一方、ひとつひとつの肌理が小さいことをキメが細かいと言います。
ちなみに、生まれつき女性の方が男性よりもキメが細かいとの研究報告があります。
どんなにもとのキメが細かくてもそれが不健康に乱れていると美しく見えませんので、スキンケアでキメの整った状態をキープすることが大切です。
老化によりターンオーバーが長くなると、角質は厚くなり、キメは乱れます。
透明感
生まれつきの角質層の厚さも決まっています。
例えば、日本人よりも白人の方が厚いです。角質層は薄いほうが、肌に透明感が出ます。
白人向けに開発された刺激の強いピーリングでは、角質層の浅い日本人は瘢痕ができてしまいます。
また、角質層が厚く皮脂腺の働きの活発な白人は、日本人よりもニキビが重症化しやすいです。
そして太陽に当たった時の反応として、白人の場合は角質が厚くなります。
対して日本人では角質が厚くなるのではなく、メラニン色素が出ることで黒くなる反応がおきます。いずれも、紫外線から身体を守るための反応です。
補足ですが、老化でも角質は厚くなります。
老化すると透明感がなくなる理由のひとつが、角質が厚くなることです。
毛穴の大きさ
毛が細く、皮脂分泌が少ないほど、毛穴は小さくなります。
男性ホルモンが多いと皮脂分泌が盛んになるので毛穴は大きくなります。脂性肌では毛穴は大きいです。
脱毛すると、毛の太さにより開いていた要素が取り除かれるため、毛穴は少し引き締まります。
(毛穴がなくなるわけではありません)
脂っぽさと潤い
皮脂が多いと脂っぽい肌に、天然保湿成分などの分泌が多いと潤った肌になります。
皮脂分泌の多さ、潤い成分の多さも、ある程度生まれつき決まっていますが、これらはスキンケアである程度コントロール可能です。
真皮の厚さ
日本人は白人より厚く、ハリのある肌質です。
シワ、たるみの出やすさ
コラーゲンが減少しやすい肌質というのがあります。
コラーゲンが減少すれば、シワ、たるみに繋がります。
具体的には、コラーゲンを分解する酵素の働きが盛んだったり、真皮が薄くメラニンでの防御も少ないと(白人など)紫外線の害を受けやすく、コラーゲンが減少しやすかったりします。
ちなみにコラーゲンは食べ物から摂取してもあまり意味はありません。
良質なタンパク質を摂取しているという程度の認識でいるべきで、だったら鳥のササミでも食べてればいいという話もあります。
ケロイド体質
黒人ほどなりやすく、白人ほどなりにくいです。
真皮が厚く傷を修復するコラーゲン合成が活発だとケロイド体質になりやすいです。
ハリのある肌になりやすいとも言えます。
悪いダメージからの回復力
紫外線を浴びると活性酸素ができて肌を痛めますが、人体にはできてしまった活性酸素を除去する機能があります。

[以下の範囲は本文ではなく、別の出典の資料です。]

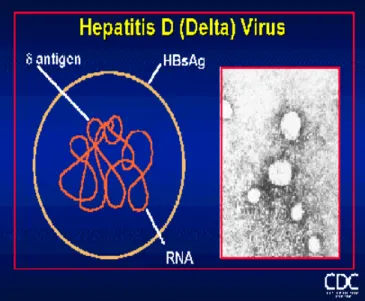 Gambar  9. Virus hepatitis D II.6.2 Epidemiologi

それが活性酸素除去能と呼ばれるもので、この働きの強さにも個人差があります。
活性酸素ができないように心がけたり、抗酸化成分を多く摂取したりなどである程度対処できます。
正しいスキンケア方法は人によって違う
このように、肌質を決める様々な要素がそれぞれ決まっていて、その要素の組み合わせにより、生まれつきの肌質は決まります。
同じ環境で過ごしたとしても、人によって肌への影響の仕方が異なるのはそのためです。
例えば紫外線が強い環境では、黒人は肌にダメージを受けにくく、白人は肌にダメージを受けやすいです。

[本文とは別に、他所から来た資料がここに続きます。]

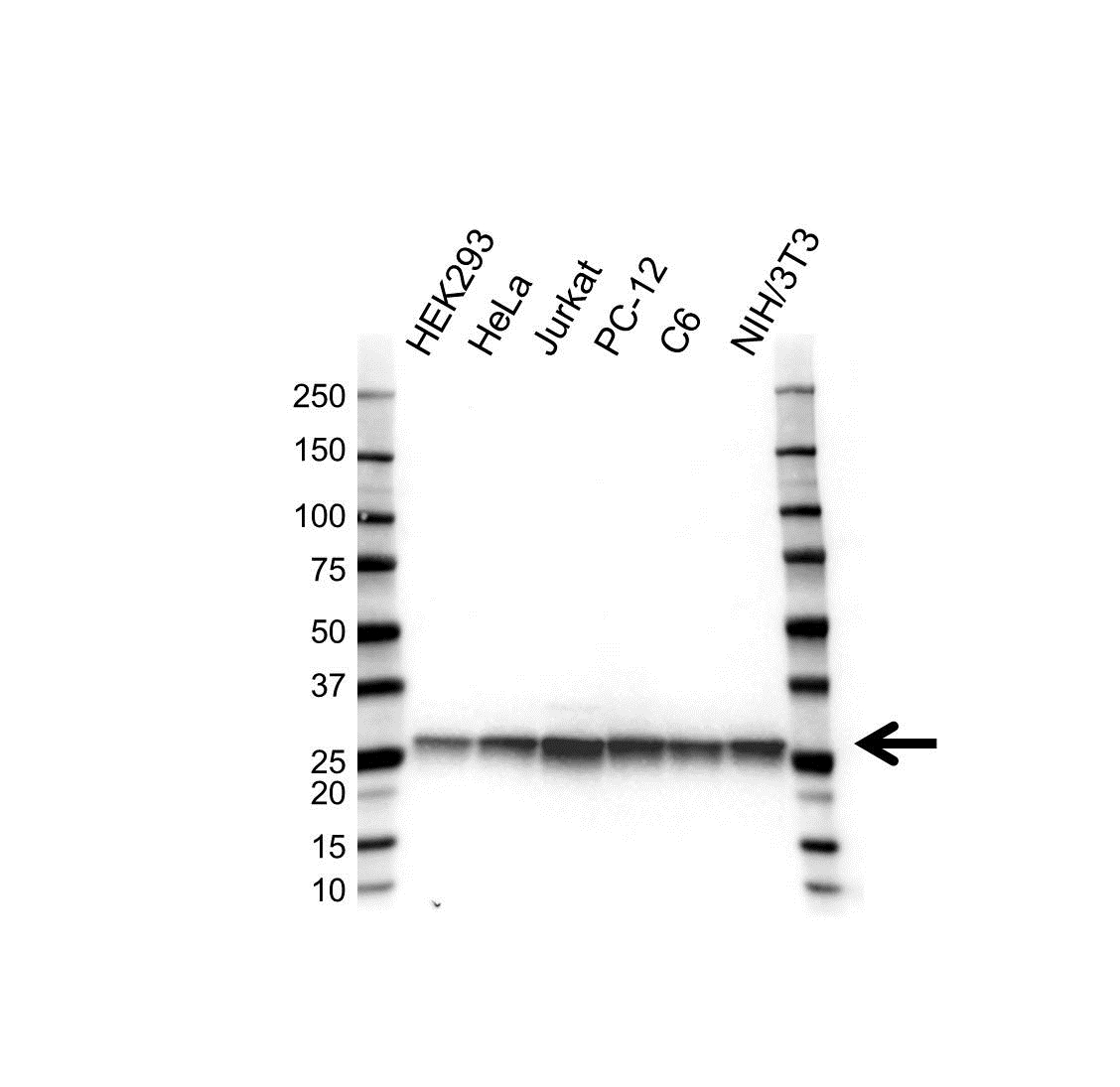 Anti PSMA6 Antibody, clone OTI7C2 (PrecisionAb Monoclonal Antibody) gallery image 1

そのあたりをしっかりと考えて、自分の肌質、自分が普段過ごしている環境、に合ったスキンケアを選択する必要があります。
肌質の男女差
前述しましたが、女性の方が、色白で、キメが細かく、うぶ毛も細く皮脂分泌が少ないので毛穴も小さいので、どう考えてもやはり女性の方が肌がキレイです!笑
遺伝子検査で分かることは少ない
最近は、肌質診断のための遺伝子検査なども一般化してきていて、それでもある程度調べることはできます。
しかし、肌質を決める遺伝子は膨大な数がある中で一般に検査できる遺伝子は数える程度しかないので、その検査で全てが決まるわけではありません。
あまりとらわれない方が無難です。